Writing a Custom Guardrail Plugin
Guardrail plugins are built on Drupal's plugin architecture. They live in src/Plugin/AiGuardrail/ in your custom module and use the #[AiGuardrail] PHP attribute for discovery.
[!TIP] If you are pair-programming with the AI Coding Assistant, you can ask it to use the
create-guardrail-pluginskill to automatically scaffold a new guardrail plugin for you.
Minimal Example
A basic guardrail plugin must extend AiGuardrailPluginBase and implement processInput() and processOutput().
<?php
declare(strict_types=1);
namespace Drupal\my_module\Plugin\AiGuardrail;
use Drupal\ai\Attribute\AiGuardrail;
use Drupal\ai\Guardrail\AiGuardrailPluginBase;
use Drupal\ai\Guardrail\Result\GuardrailResultInterface;
use Drupal\ai\Guardrail\Result\PassResult;
use Drupal\ai\Guardrail\Result\StopResult;
use Drupal\ai\OperationType\Chat\ChatInput;
use Drupal\ai\OperationType\Chat\ChatMessage;
use Drupal\ai\OperationType\InputInterface;
use Drupal\ai\OperationType\OutputInterface;
use Drupal\Core\StringTranslation\TranslatableMarkup;
/**
* Blocks messages that exceed a maximum word count.
*/
#[AiGuardrail(
id: 'max_word_count',
label: new TranslatableMarkup('Max Word Count'),
description: new TranslatableMarkup('Blocks input that exceeds a word limit.'),
)]
class MaxWordCount extends AiGuardrailPluginBase {
/**
* {@inheritdoc}
*/
public function processInput(InputInterface $input): GuardrailResultInterface {
if (!$input instanceof ChatInput) {
return new PassResult('Not a chat input, skipping.', $this);
}
$messages = $input->getMessages();
$last_message = end($messages);
if (!$last_message instanceof ChatMessage) {
return new PassResult('No text message found.', $this);
}
$word_count = str_word_count($last_message->getText());
$max_words = 500;
if ($word_count > $max_words) {
return new StopResult(
"Your message has $word_count words, which exceeds the $max_words word limit.",
$this,
);
}
return new PassResult('Word count within limits.', $this);
}
/**
* {@inheritdoc}
*/
public function processOutput(OutputInterface $output): GuardrailResultInterface {
return new PassResult('Output check not applicable.', $this);
}
}
Adding a Configuration Form
If your guardrail needs admin-configurable settings, implement ConfigurableInterface and PluginFormInterface:
use Drupal\Component\Plugin\ConfigurableInterface;
use Drupal\Core\Form\FormStateInterface;
use Drupal\Core\Plugin\PluginFormInterface;
#[AiGuardrail(
id: 'max_word_count',
label: new TranslatableMarkup('Max Word Count'),
)]
class MaxWordCount extends AiGuardrailPluginBase implements ConfigurableInterface, PluginFormInterface {
public function getConfiguration(): array {
return $this->configuration;
}
public function setConfiguration(array $configuration): void {
$this->configuration = $configuration;
}
public function defaultConfiguration(): array {
return [];
}
public function buildConfigurationForm(array $form, FormStateInterface $form_state): array {
$form['max_words'] = [
'#type' => 'number',
'#title' => 'Maximum word count',
'#default_value' => $this->configuration['max_words'] ?? 500,
'#min' => 1,
];
return $form;
}
public function validateConfigurationForm(array &$form, FormStateInterface $form_state): void {}
public function submitConfigurationForm(array &$form, FormStateInterface $form_state): void {
$this->setConfiguration($form_state->getValues());
}
public function processInput(InputInterface $input): GuardrailResultInterface {
// Use $this->configuration['max_words'] instead of a hardcoded value.

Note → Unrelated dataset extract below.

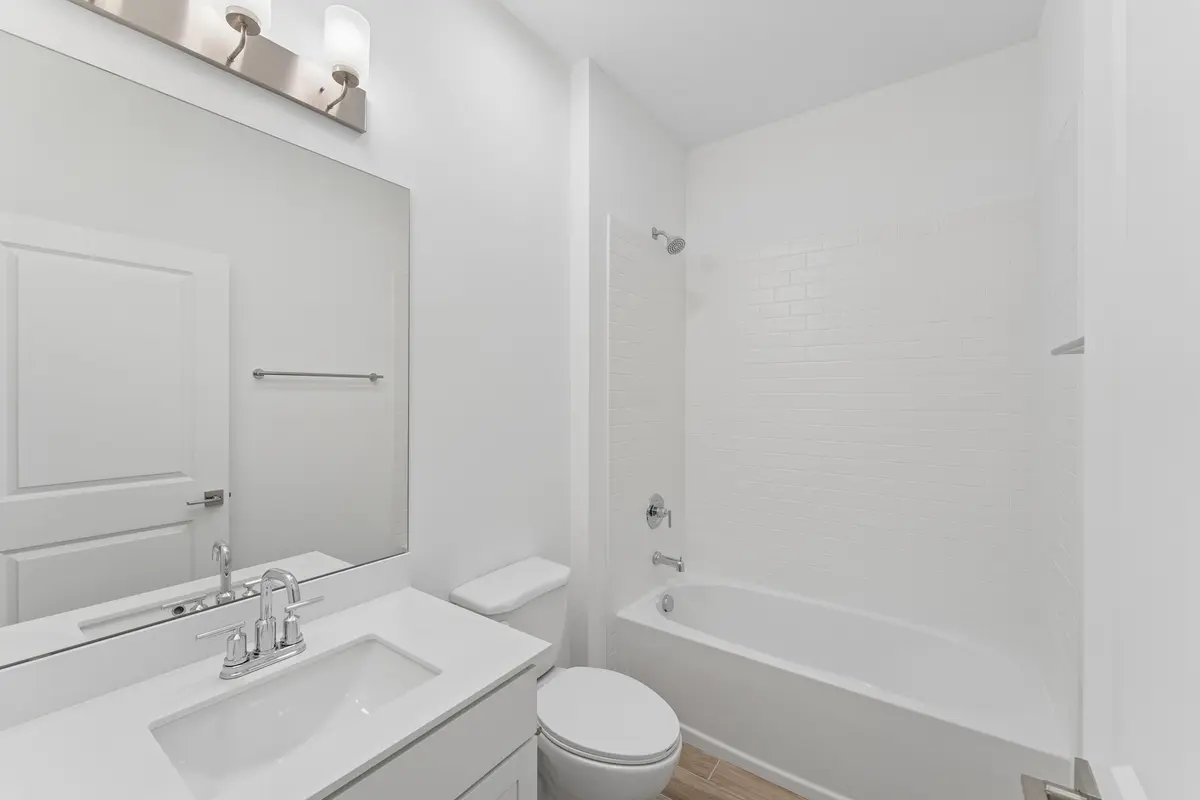 Hall Bath at 10080 NW Field Flower Trail, Port St. Lucie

$max_words = (int) ($this->configuration['max_words'] ?? 500);
// ... same logic as above ...
}
}
Special Interfaces
You can implement special interfaces to extend your guardrail's behavior:
NonStreamableGuardrailInterface
A marker interface for guardrails that cannot process streamed responses. When a post-generation guardrail implements this interface, the event subscriber will reconstruct the full ChatOutput from the streamed iterator before passing it to processOutput().
Use this when your guardrail needs the complete response text to make a decision (e.g., sentiment analysis on the full reply).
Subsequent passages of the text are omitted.